Beats SSL question

Hello all,

I would just like to clarify if I understand this correctly. In the documentation it states that to use client certificate validation the SSL certificates need to be signed directly by the root ca.

So, if I have a client certificate with the path (Root CA) -> (Issuing CA) -> (Client Certificate) this is not going to work?

First, I used an SSL client certificate on the logstash side, with the winlogbeat side config using only certificate_authorities for ssl checking. It was working ok. Now I'm trying to setup a client certificate for the winlogbeat, but it´s not connecting anymore. I'm trying to figure out if it is normal since my certificate is not signed directly by the rootCA or is my understanding of how to set it up somehow wrong. I'm using the same IssuerCA for all examples. I also tested the connectivity with curl and it looks ok.

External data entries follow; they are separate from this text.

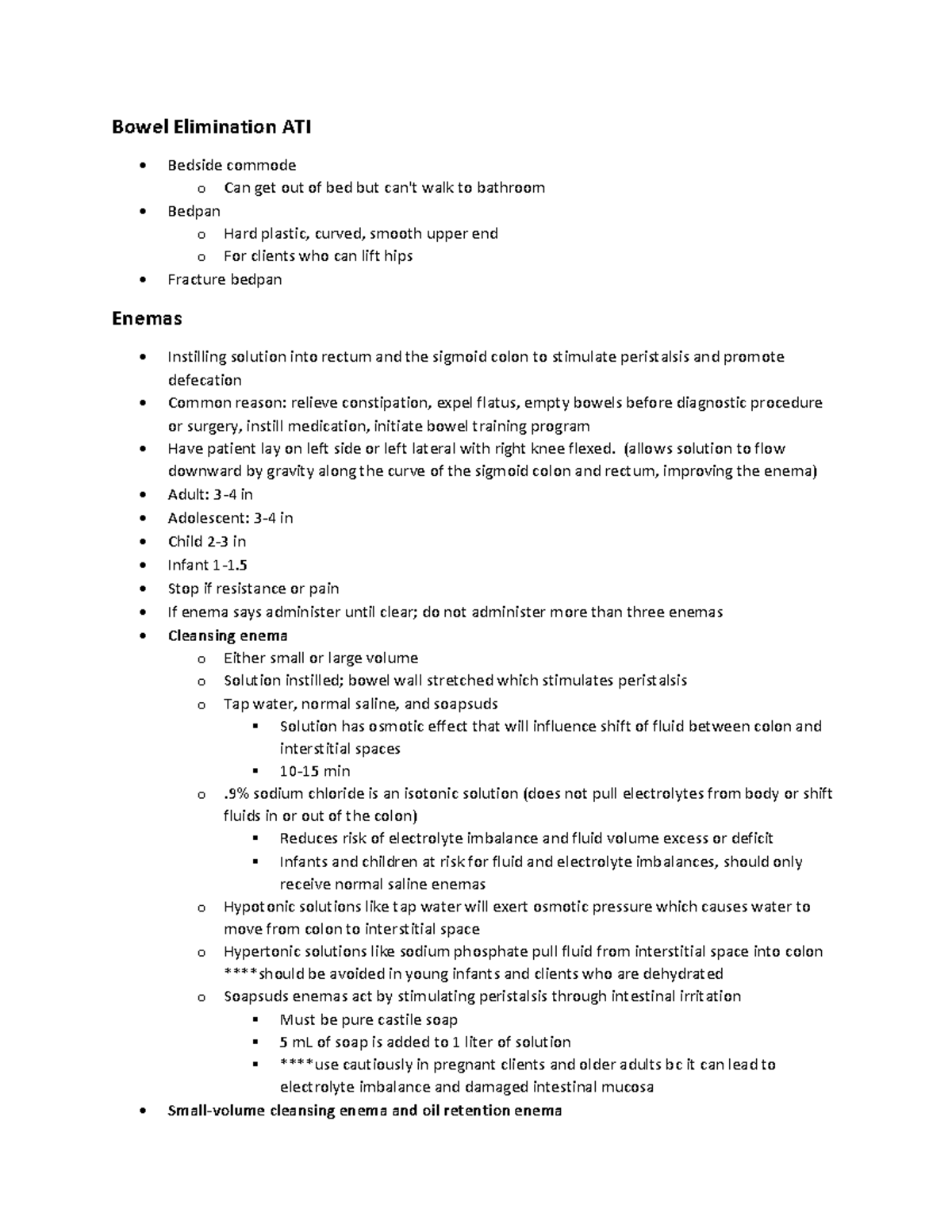 Bowel Elimination Ati - Ati Notes - Bowel Elimination ATI Bedside ...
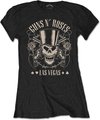 Guns N' Roses - Top Hat, Skull & Pistols Las Vegas Dames T-shirt - L - Zwart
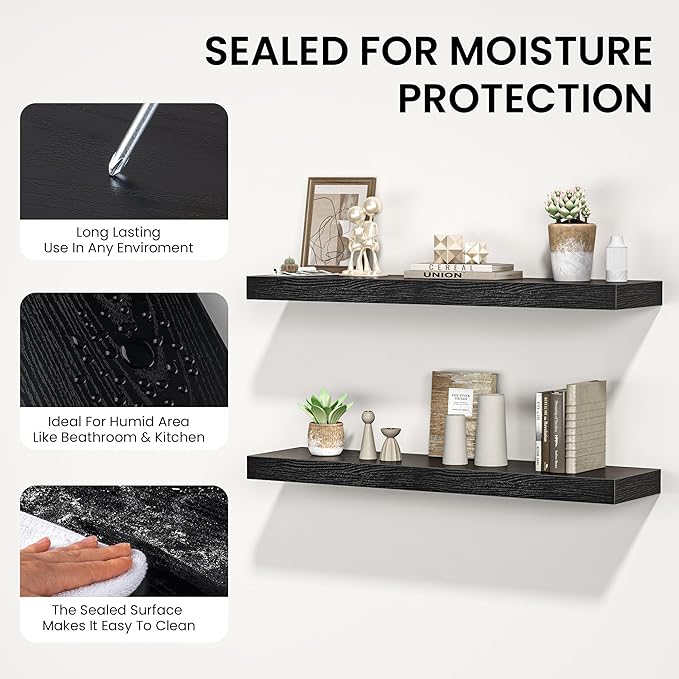 Floating Shelves for Wall, 48" W x 9.3" D x 1.5" H, Wooden Wall Mounted Display Shelves with Invisible Brackets for Living Room, Bedroom, Bathroom, Kitchen Decor and Storage, Set of 1, Black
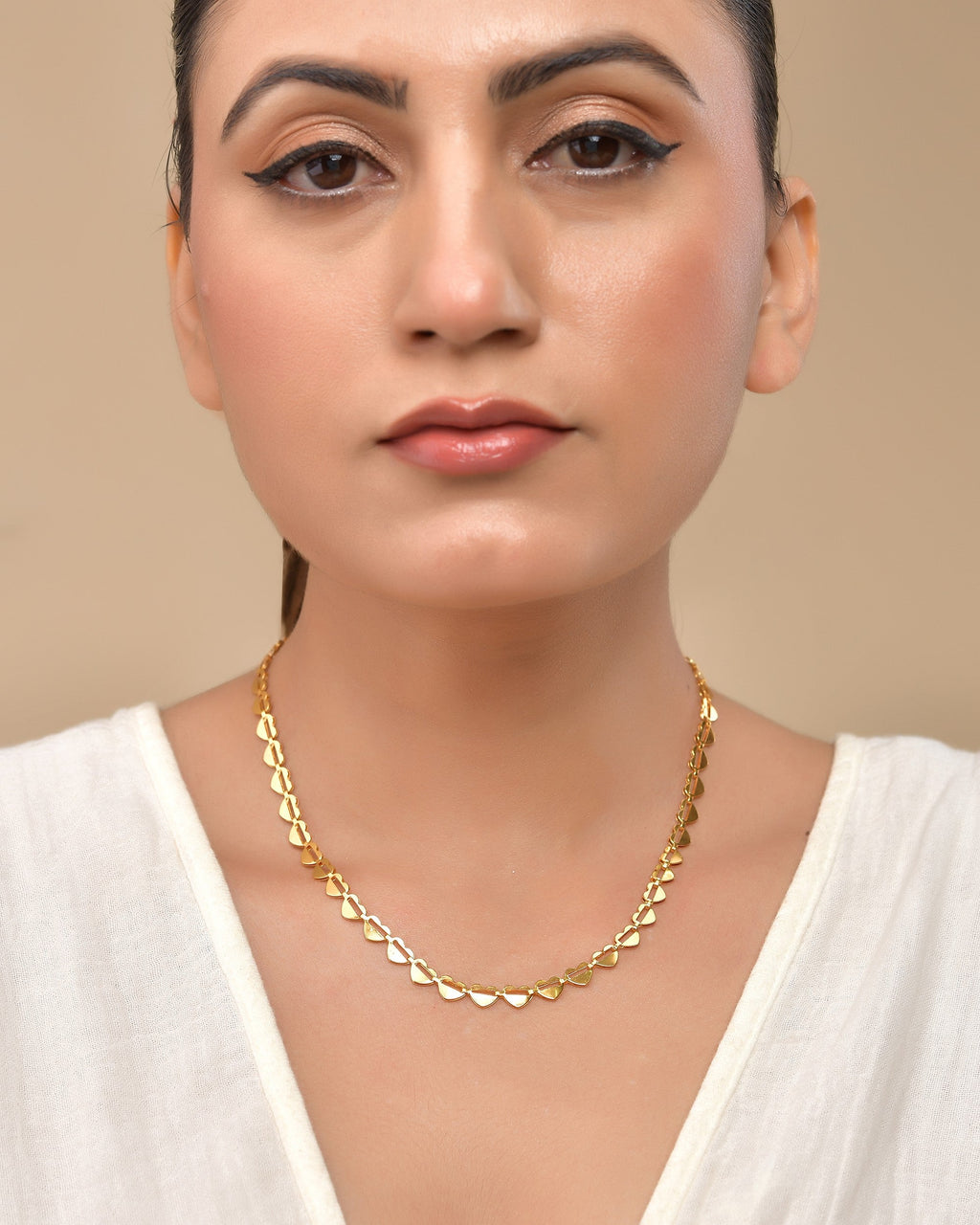 VOJ Heart Shaped Stainless Steel Gold Polished Chain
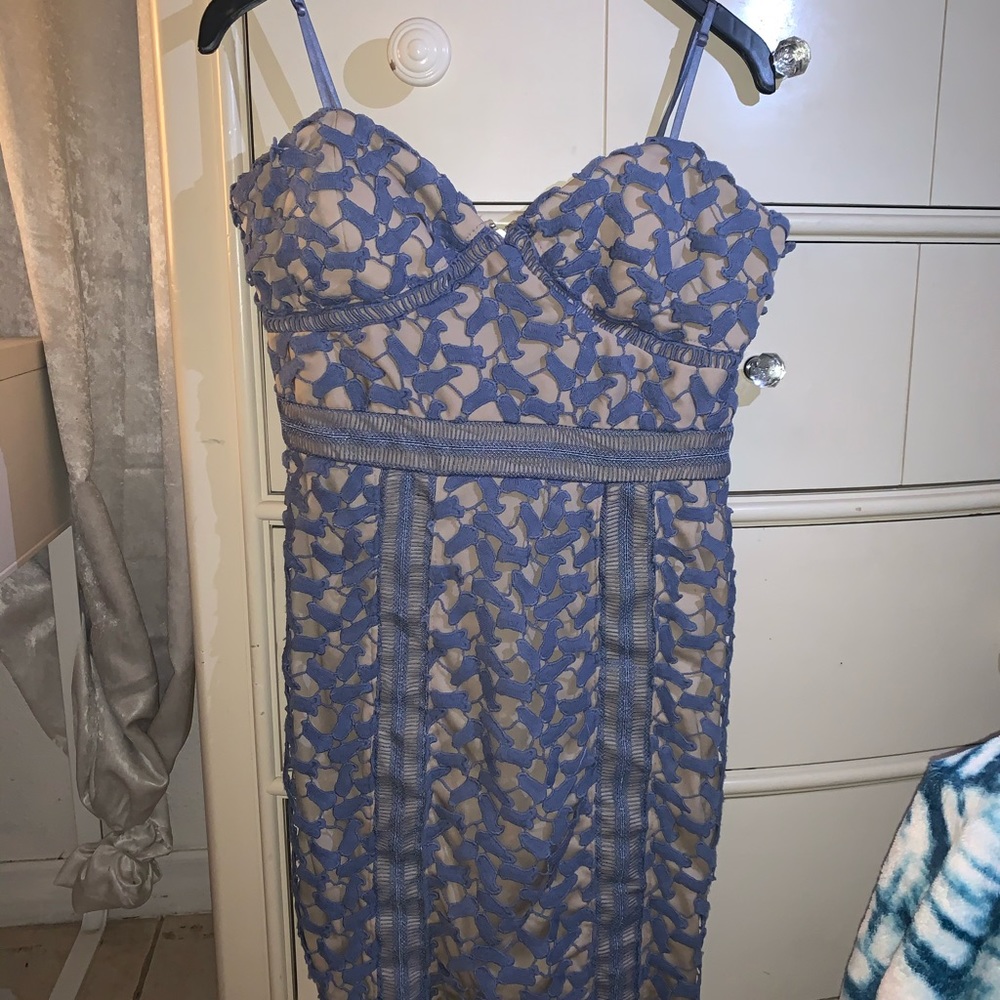 a light blue floral homecoming dress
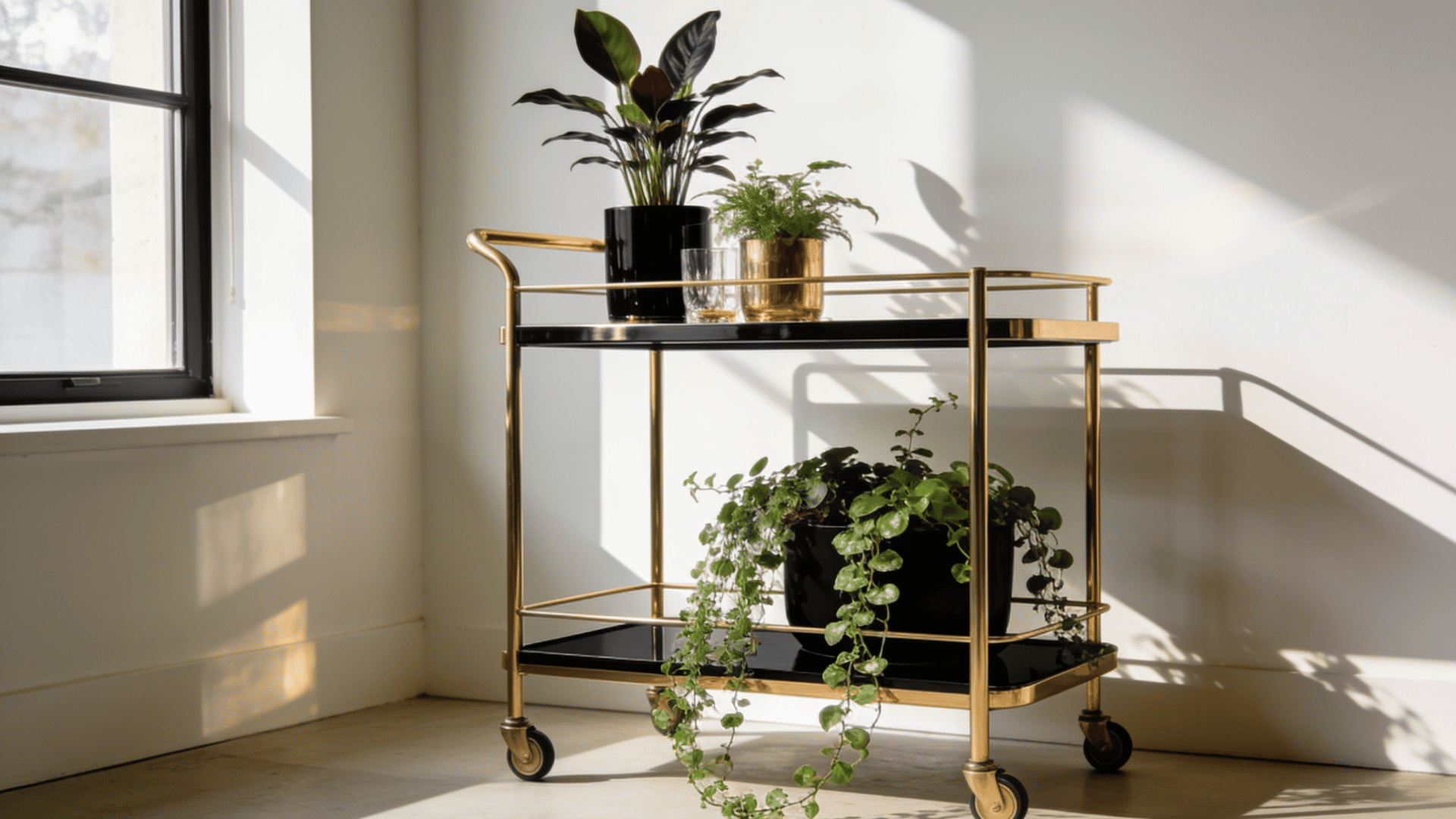 Metal bar cart holding layered potted plants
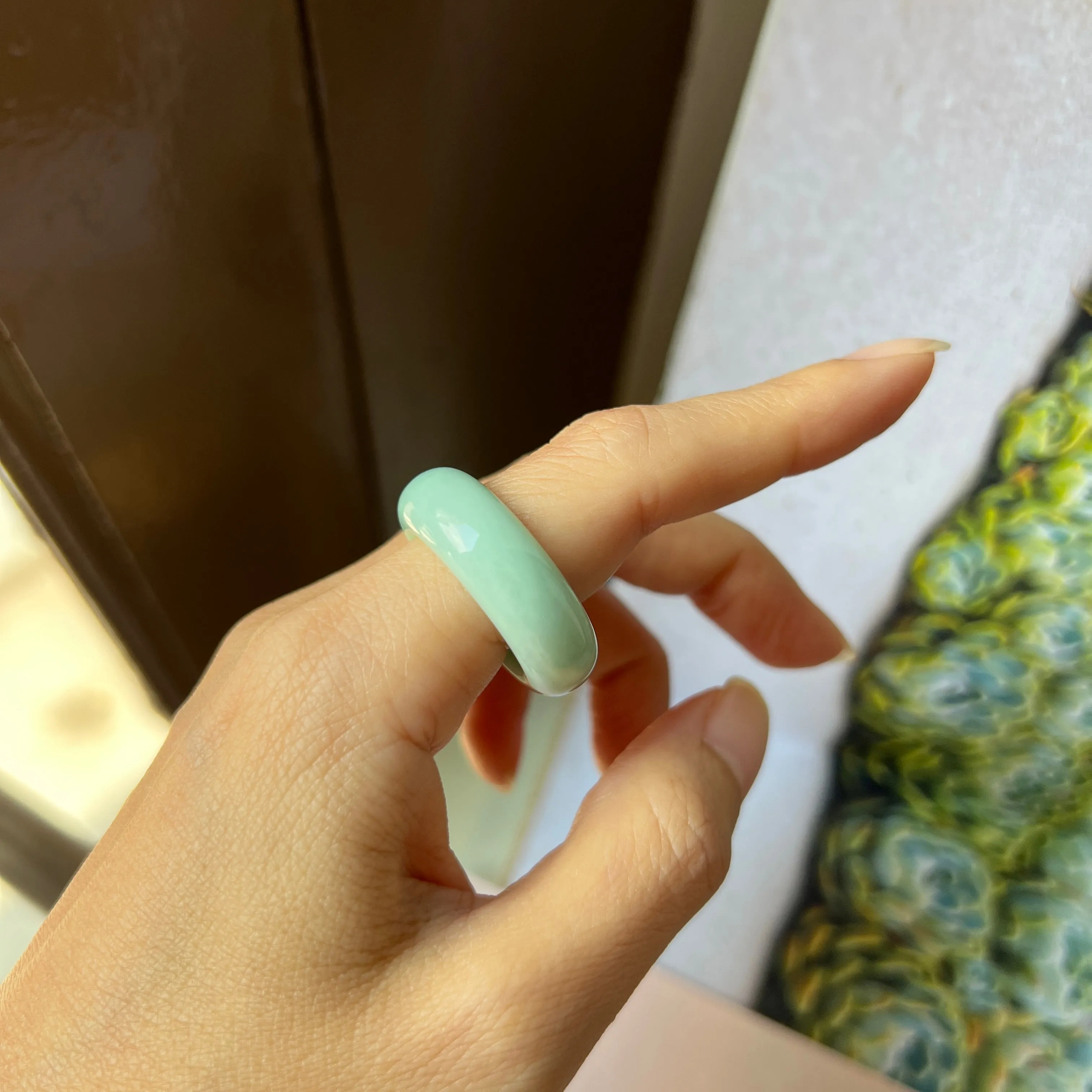 19.3mm A-Grade Natural Apple Green Jadeite Abacus Band No.162336
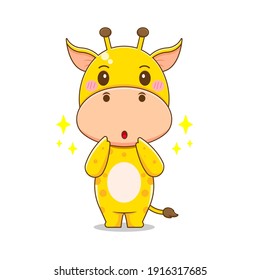 Cute giraffe posing finger style vector design illustration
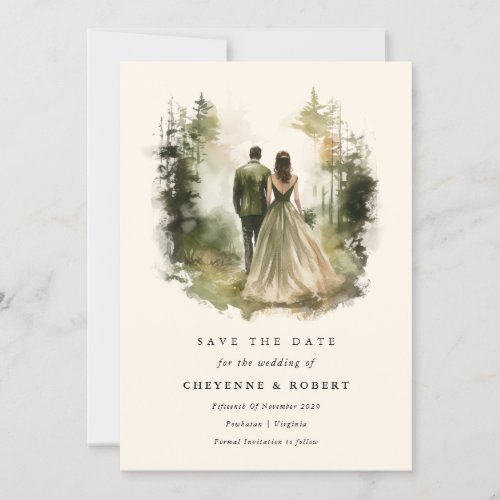 Enchanted Watercolor Forest Photo Save the Date Invitation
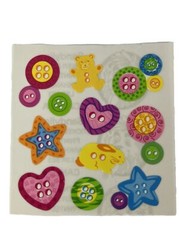 BABY BUTTONS Sticker(12pc) Sandylion•Star•Teddybear•Heart •Round•Sewing•2/4 hole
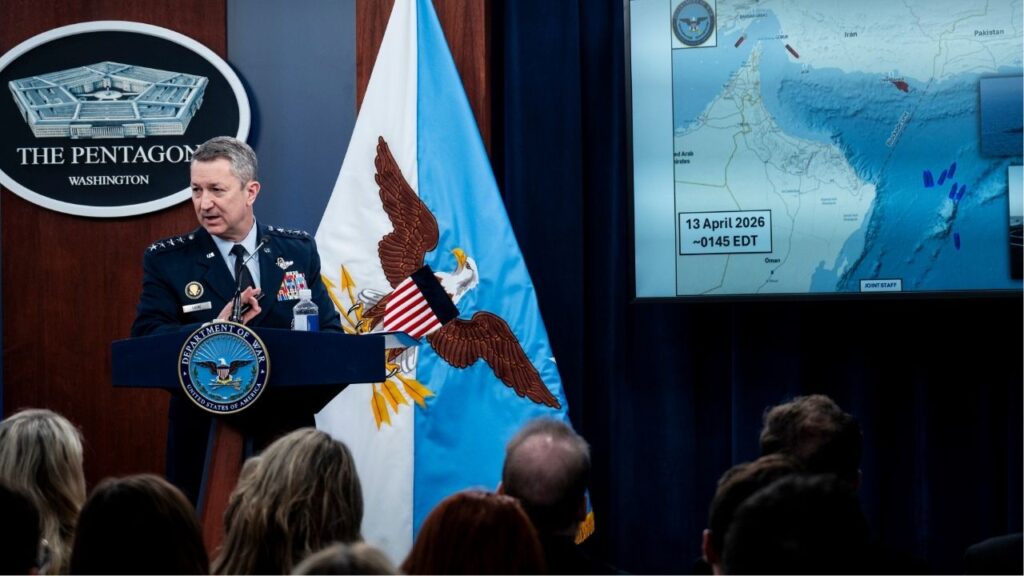 Chairman of the Joint Chiefs of Staff, Gen. Dan Caine, provides updates on the war in Iran at the Pentagon in Arlington, Va., Thursday, April 16, 2026. The Navy destroyers enforcing a blockade of Iranian ports carry weapons fielded after an American warship was attacked and nearly sunk more than 25 years ago. (Pete Marovich/The New York Times)
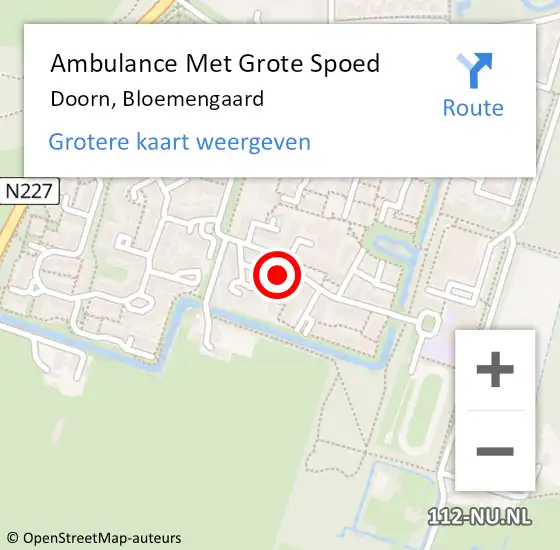 Locatie op kaart van de 112 melding: Ambulance Met Grote Spoed Naar Doorn, Bloemengaard op 11 maart 2018 09:24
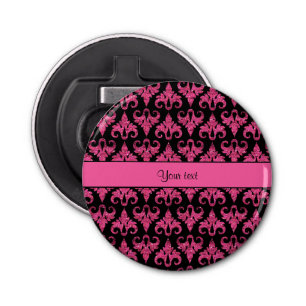 Glitzy Sparkly Hot Pink Glitter Damask Button Flesopener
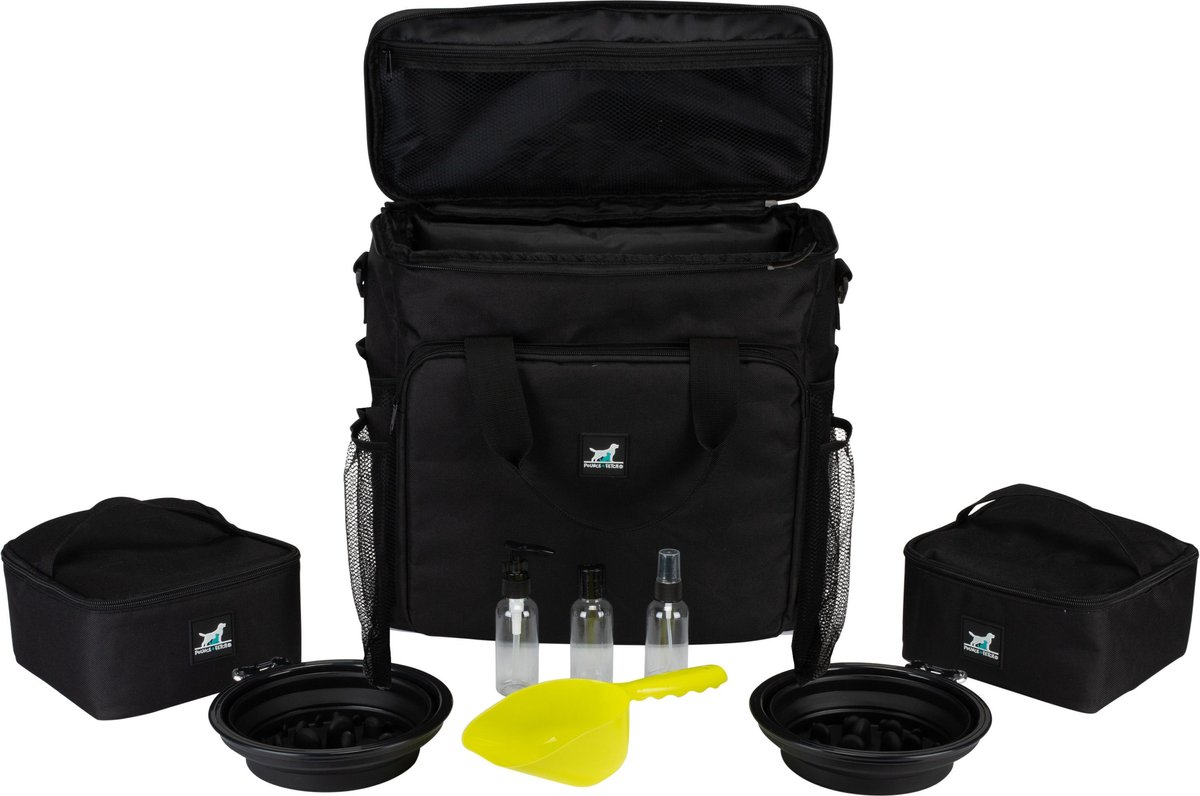 POUNCE + FETCH Weekender Dog Food Travel Kit, Black, Large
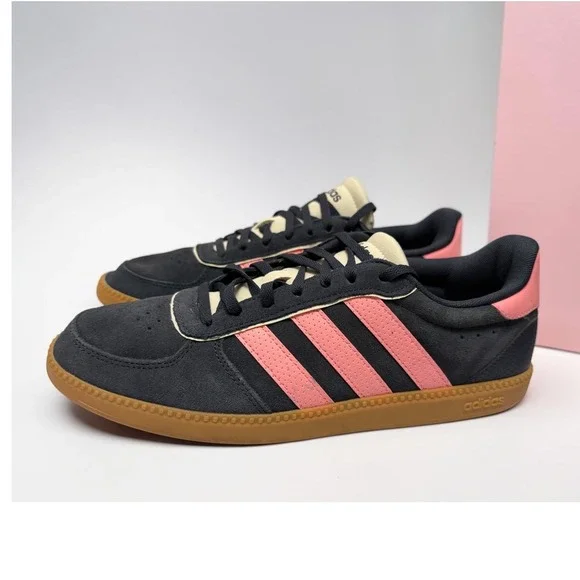 Adidas VL Court 2.0 Navy Pink Suede Gum Sole Sneakers Womens 9.5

Thank you in advance for help.

Kind regards,

Uros

Hi Uros,

Have you had a look at anti virus or firewall apps on the Windows machine? Try excluding the Winlogbeat folder. This worked for me.

IMO: I do not believe the documentation is aimed at enterprise solutions and I think certs are best served by an existing CA within your network. Manually copying and moving certificates is clumbersum.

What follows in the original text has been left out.